Assuming flat top pistons and closed chamber heads. If you're at a true static 9.5:1 then you should be able to run 91 octane with a re-curve. Really comes down to cam, jetting and timing at various throttle position and loads. There is no blanket answer though.

Octane boosters are mostly a quick band aid for marginal gains at best.

Mid 70's 440's also is vague, if you're just slapping 413 heads on a used 440 block you should measure how far down in the hole the pistons are, I really doubt you'd get 9.5:1 if you throw them on an RV lump, you might be getting into the high 8:1's but again we're missing a LOT of info
 
It depends on how you use your car. Mine is not a daily driver and I tune it for maximum performance. When you tune it to keep it from detonating you are leaving horsepower on the table. That is the right way to do it for a car that you use daily. If you have higher compression, higher octane gasoline will let you keep the performance. If it didn't matter, there would be no race gas. Those little plastic bottles of octane boosters do not really work. VP race gas and a few others make products that work, but they are not cheap.
 
How much Octane do you really need to achieve good engine performance with compression ratio of 9.5:1?
After about 8 years I finally invested the time and $ to bring my very mild mid 70's 440 to a better compression by using 413 closed chamber engine heads,thin gaskets and larger exhaust valves.
I have a '74 440 from a motorhome, the pistons are .150" down in the hole.
With my compression calculator (which I've spot-checked vs one from a racecar website) it's 7.9:1.

Mid-70s engines are commonly rated at ~8.2:1, but folks that have inspected & measured actual engines find that number to be inaccurate when the calculations are performed. High 7s are what such engines result for CR for mid-70s engines.

The cc-ratings of cyl heads, as published by the factory, are also off from what cyl head folks measure. I.E. the '80cc' open chamber heads usually measure at 90cc. The closed-chamber heads like the -516s you are using are usually 80cc.

-->> My calculator says a 440 with .150 down-hole, .018" compressed gasket (the steel shim type), and 80cc heads will give about 8.5:1.

Keep in mind - the factory always used a steel-shim head gasket, even in teh mid-late 70s - so you aren't gaining anything there.
You didn't mention pistons, so I assume you have original low-CR pistons.
You are only gaining from the lower CC closed-chamber heads, and the smaller runners that help velocity.
So - nowhere near 9.5:1.
And - if using the OEM cam the larger exh valve probably isn't worth much? (the HP 413s and 66 440 TNT hit 360-365 hp with that smaller valve)

If I've made incorrect assumptions about what has been done to your engine, clarify it and I'll revisit these CR calcs.

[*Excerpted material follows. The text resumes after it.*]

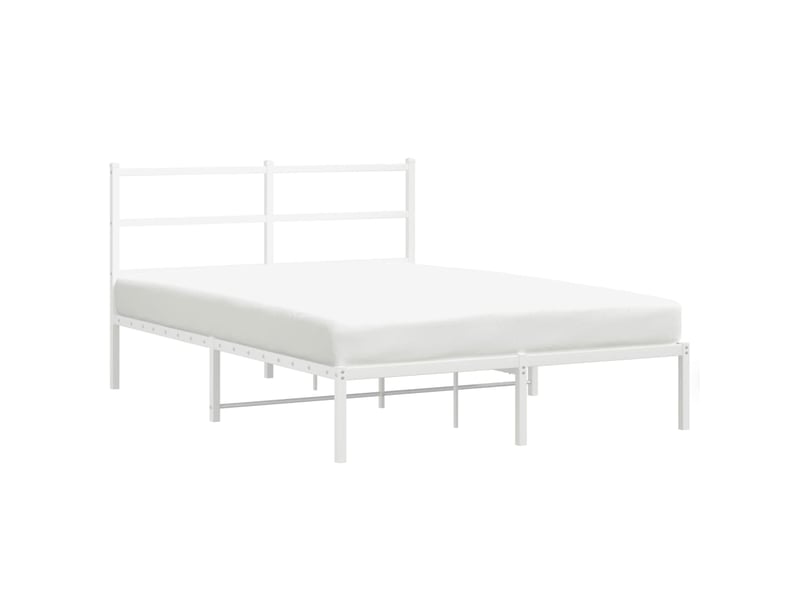  Lit double- lit adulte -  cadre de lit métal sans matelas et tête de lit blanc 135x190 cm  - Conforama A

But regardless of all that - the octane requirement is largely due to your ign timing curve, as some others have mentioned.
The curve is one of the most overlooked factors in engine performance.
 
Also - what psi do your cylinders have during a compression test?
I have a near-stock, small-cam '69 440 with all cylinders between 165 and 175 psi at a recent cold compression check. (and 'cold' gives the worst psi readings)
It runs fine on 87 and it's quite spunky, too.